Порций, как это водится во всех заведениях, у нас при Боброве не было – все ели сколько кто хотел. Одевал он нас всегда хорошо; белье заставлял переменять три раза в неделю. Был очень жалостлив и даже баловник, что отчасти было, вероятно, известно Перскому и другим, но не всё: водились и такие вещи, которые Андрей Петрович по добросердечию своему не мог не сделать, но знал, что они незаконны, и он, бригадир, скрывался с ними, как школьник. Это больше всего касалось кадет, подвергнутых наказанию. Тут он весь вне себя был, сдерживался, но внутренне ужасно болел, кипятился, как самоварчик, и, наконец, не выдерживал, чтобы чем-нибудь не «утешить мошенника». Всякого наказанного он как-нибудь подзовет, насупится, будто какой-то выговор хочет сказать, но вместо того погладит, что-нибудь даст и отпихнет:

– Пошел, мошенник, вперед себя не доводи!

Особенная же забота у него шла о кадетах-арестантах, которых сажали на хлеб на воду, в такие устроенные при Демидове особенные карцеры, куда товарищи не могли доставить арестантам подаяние. Андрей Петрович всегда знал по счету пустых столовых приборов, сколько арестованных, но кадеты не опускали случая с своей стороны еще ему особенно об этом напомнить. Бывало, проходя мимо его из столовой, под ритмический топот шагов, как бы безотносительно произносят:

– Пять арестантов, пять арестантов, пять арестантов.

А он или стоит только, выпуча свои глазки, как будто ничего не слышит, или, если нет вблизи офицеров, дразнится, то есть отвечает нам тем же тоном:

– Мне что за дело, мне что за дело, мне что за дело.

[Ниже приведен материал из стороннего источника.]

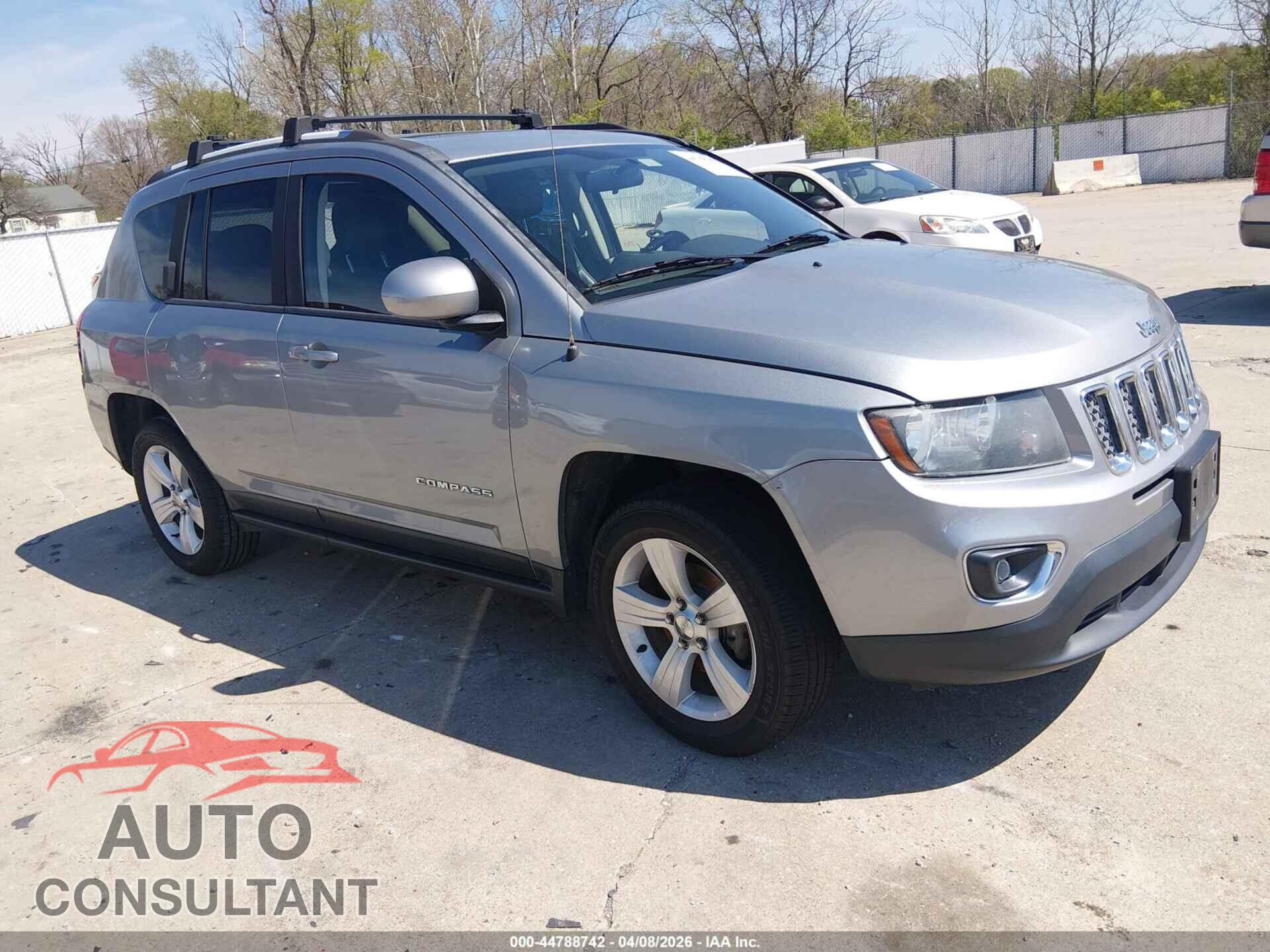 JEEP COMPASS 2015 - 1C4NJCEA5FD192135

Но когда посаженных на хлеб на воду выводили из арестантских на ночлег в роту, Андрей Петрович подстерегал эту процессию, отнимал их у провожатых, забирал к себе в кухню и тут их кормил, а по коридорам во все это время расставлял солдат, чтобы никто не подошел.

Сам им, бывало, кашу маслит и торопится тарелки подставлять, а сам твердит:

– Скорее, мошенник, скорее глотай!

Все при этом часто плакали – и арестанты, и он, их кормилец, и сторожевые солдаты, участвовавшие в проделках своего доброго бригадира.

Кадеты его любили до той надоедливости, что ему буквально нельзя было показаться в такое время, когда мы были свободны. Если, бывало, случится ему по неосторожности попасть в это время на плац, то сейчас же раздавался крик:

– Андрей Петрович на плацу!

Больше ничего не нужно было, и все знали, что делать: все бросались к нему, ловили его, брали на руки и на руках несли, куда ему было нужно.

Это ему было тяжело, потому что он был толстенький кубик, – ворочается, бывало, у нас на руках, кричит:

– Мошенники! вы меня уроните, убьете… Это мне нездорово, – но это не помогало.

Теперь скажу о страстишке, по милости которой Андрею Петровичу никогда почти не приходилось получать своего жалованья, а только расписываться.

Глава двенадцатая

У нас очень много было людей бедных, и когда нас выпускали, то выпускали на бедное же офицерское жалованье. А мы ведь были младенцы, о доходных местах и должностях, о чем нынче грудные младенцы знают, у нас и мыслей не было. Расставались не с тем, что я так-то устроюсь или разживусь, а говорили:

– Следите за газетами: если только наш полк будет в деле, – на приступе первым я.

Все так собирались, а многие и исполнили. Идеалисты были ужасные. Андрей Петрович сожалел о бедняках и безродных и хотел, чтобы и из них каждый имел что-нибудь приличное, в чем оно ему представлялось. Он давал всем бедным приданое – серебряные ложки и белье. Каждый выпущенный прапорщик получал от него по три перемены белья, две столовые серебряные ложки, по четыре чайных, восемьдесят четвертой пробы. Белье давалось для себя, а серебро – для «общежития».